INPUT DATA: Begin

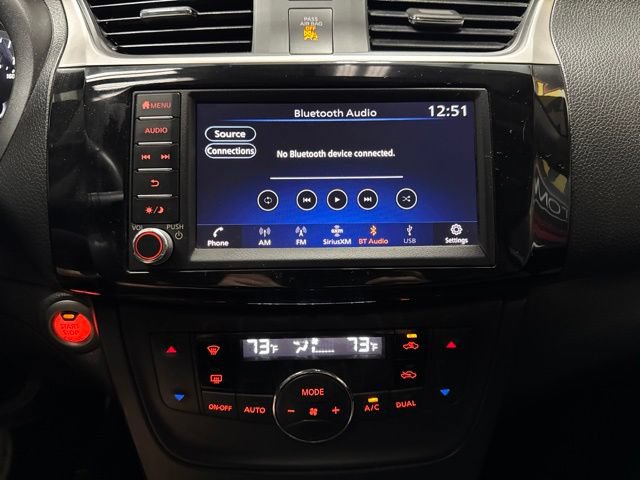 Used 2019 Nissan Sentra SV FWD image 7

INPUT DATA: End
INPUT DATA: Begin

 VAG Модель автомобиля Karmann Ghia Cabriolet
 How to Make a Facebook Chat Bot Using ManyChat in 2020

INPUT DATA: End
INPUT DATA: Begin

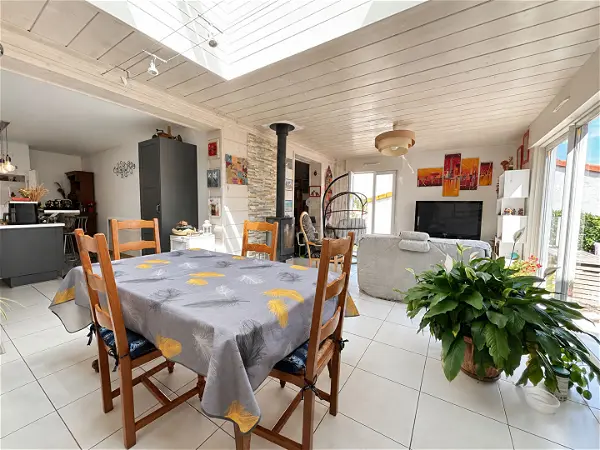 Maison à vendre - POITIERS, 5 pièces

INPUT DATA: End

**WHAT THE TASK REQUIRES**.
Nothing should appear in the answer except the lines above from the line with "VAG Модель автомобиля Karmann Ghia Cabriolet" through the line with "How to Make", both included, written out exactly.

**SOLUTION TO THIS EXERCISE**.
 VAG Модель автомобиля Karmann Ghia Cabriolet
 How to Make a Facebook Chat Bot Using ManyChat in 2020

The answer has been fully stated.